日本語の将来 著者: 梅棹 忠夫
日本語にローマ字が向いているか?私は、笑止千万と言いたい。いくら知の巨人とはいえ、 未だにローマ字論をぶつなんて信じられない。
著者のローマ字論は、結局英語などアルファベットで表記される言語は、タイプライターにより容易に書くことができるという発想から来ている。
そこで、まず、かなカナライターとか言うのを考えたはずだ。それでも26文字のアルファベットと比べたら、50字もあるカナかなは、かなり、面倒だったろう。そこで、ローマ字表記せよというのだが、試しに、著者が書いた、巻末のローマ字文を読もうとしたのだが、とても煩雑で読む気にもなれなかった。 結局、日本語は、漢字かな交じり文にしくはない。 だから、速読もできると言うこと。漢字を見ながら、イメージできると言うこと、その長所を考えたら、とてもじゃないが、 ローマ字文による日本語なんて反吐がでる。
ローマ字表記は、速読者の敵だ。ハングル文字のみになった朝鮮は、もう、学術論文を書けないほど疲弊しているという。 つまり、漢字による表記がなくなった分、日本で言えば、橋も箸もみんなはしになってしまったから、意味が取りにくい というわけだ。それが、かなカナから更にローマ字になって、 なんて表記することになるんだよ。 何でこんな馬鹿馬鹿しいことに真面目になるんだよ、知の巨人が。
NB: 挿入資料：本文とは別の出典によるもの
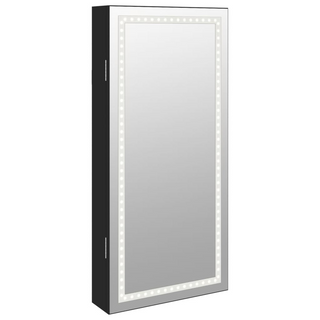 Mirror Jewellery Cabinet with LED Lights Wall Mounted Black - Giant Lobelia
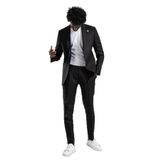 SİR Regular Fit Yarım Astarlı%100 Linen (Keten) Kumaş Takım Elbise SİYAH 56-6 Drop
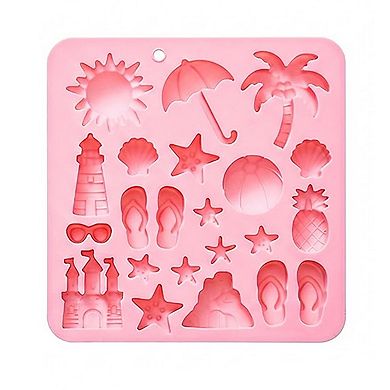 2-Piece Beach Silicone Baking Mold Set Nonstick Summer Shape Chocolate Candy Dessert Mold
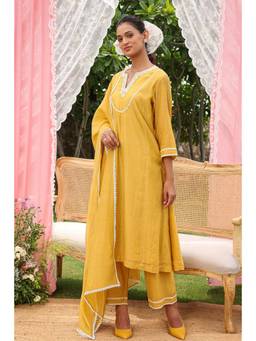 CHARU MAKKAR - Sable Mustard Kurta With Palazzo And Dupatta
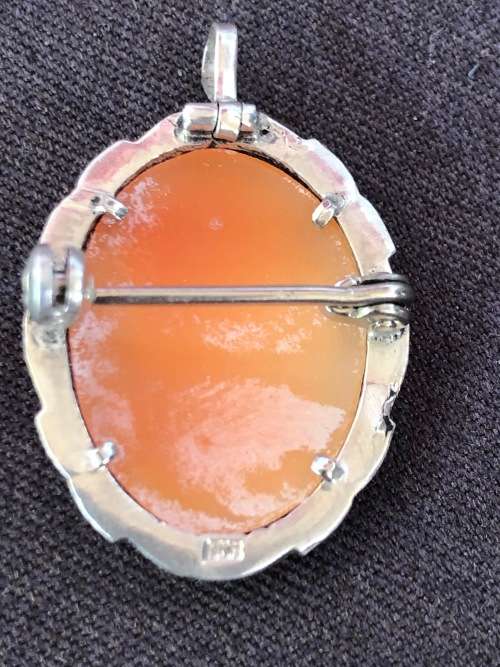 BEAUTIFUL VICTORIAN CONTINENTAL .800 SILVER MARCASITE AND CARVED SHELL CAMEO BROOCH / PENDANT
ところで、この文章、私は、パソコンで打っているのだが、なんとローマ字うちなのである。つまり、 著者がほしがっていた日本語タイプライターの出現が、パソコン以前のワードプロセッサーによって実現したのである。ここにいたって、日本語のローマ字表記などと言うものは、一切不要になってしまったのだ。
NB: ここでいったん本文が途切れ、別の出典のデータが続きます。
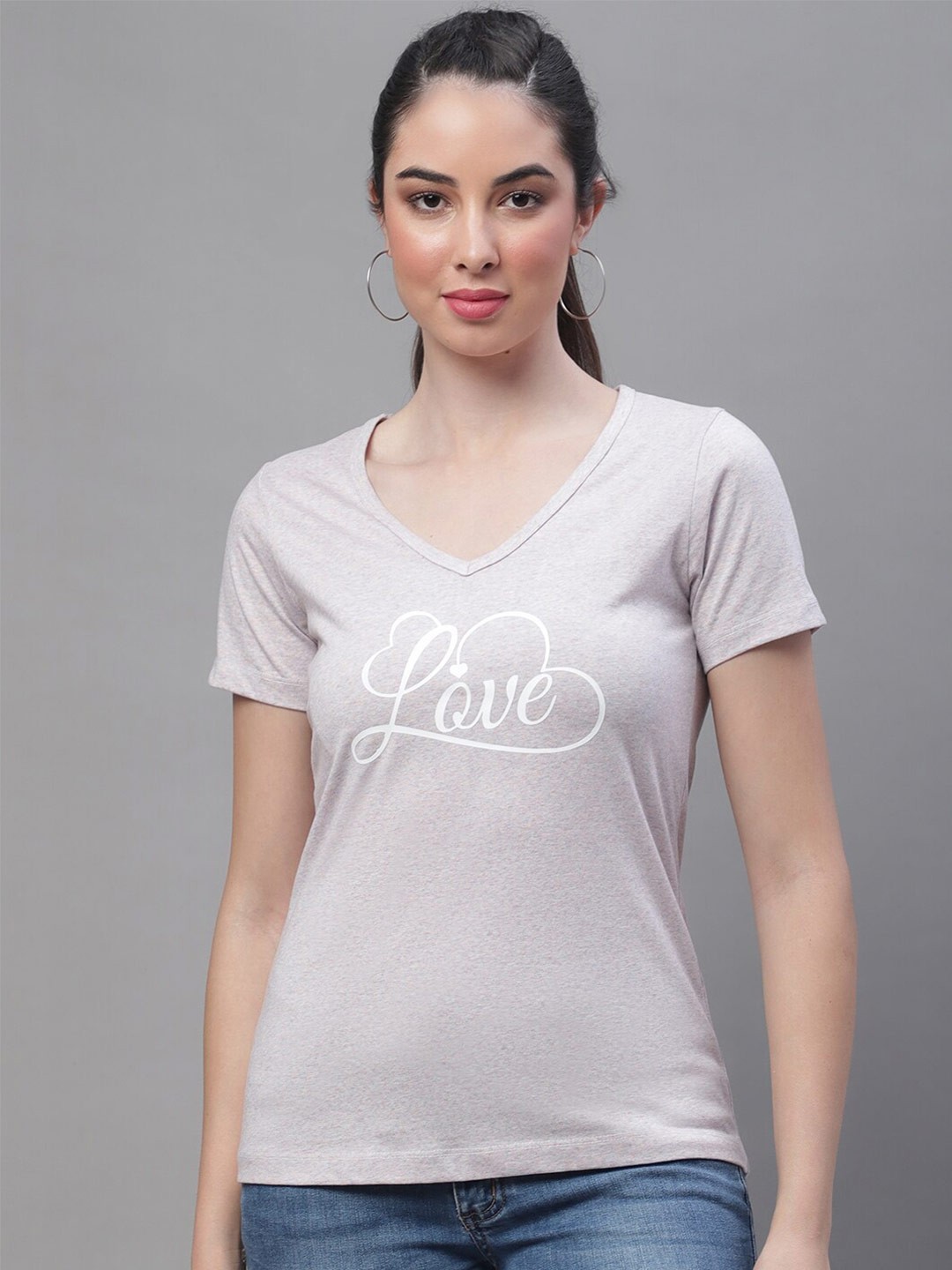 

Rute Typography Printed V-Neck Cotton T-shirt, Grey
ここのところを捉えて著者は、パソコンにおいては、ローマ字うちの方が多いと言うことを不思議に感じるなどと表現しているけれど、実は、ローマ字うちというのは、26あるアルファベットの内、使う必要のない文字もあって、非常に合理的なのである。だから、いちいち「たていすかんなにらせ」などという配列を覚えようなどと言う気にならないのだよ、 梅棹先生。なーんにも不思議でないのだ。